* AIM OF THE TASK *
The entries below contain a stretch that opens with the line containing "May include: A" and closes with the line containing "Minimalist white kitchen"; set down that stretch exactly, both ends included, and nothing else.

* EXERCISE MATERIAL *
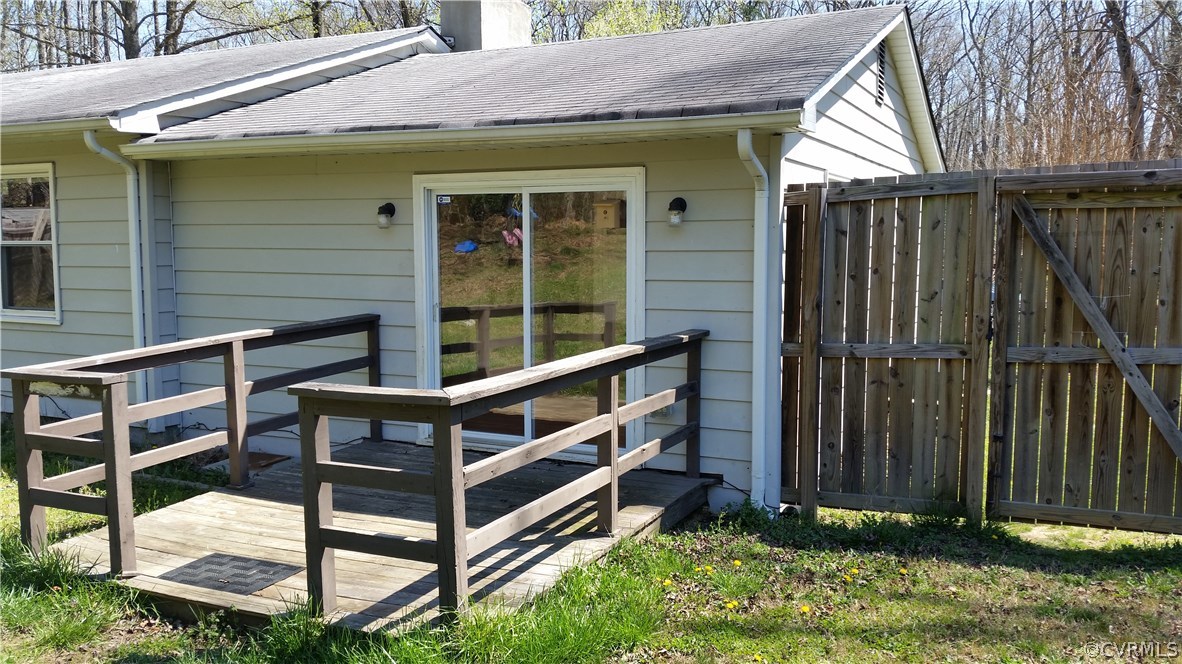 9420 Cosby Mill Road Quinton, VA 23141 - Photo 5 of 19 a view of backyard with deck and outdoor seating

==

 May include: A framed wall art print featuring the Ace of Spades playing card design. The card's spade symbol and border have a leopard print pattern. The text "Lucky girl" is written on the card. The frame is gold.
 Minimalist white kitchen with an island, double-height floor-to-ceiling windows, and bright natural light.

* RESULT OF THE TASK *
 May include: A framed wall art print featuring the Ace of Spades playing card design. The card's spade symbol and border have a leopard print pattern. The text "Lucky girl" is written on the card. The frame is gold.
 Minimalist white kitchen with an island, double-height floor-to-ceiling windows, and bright natural light.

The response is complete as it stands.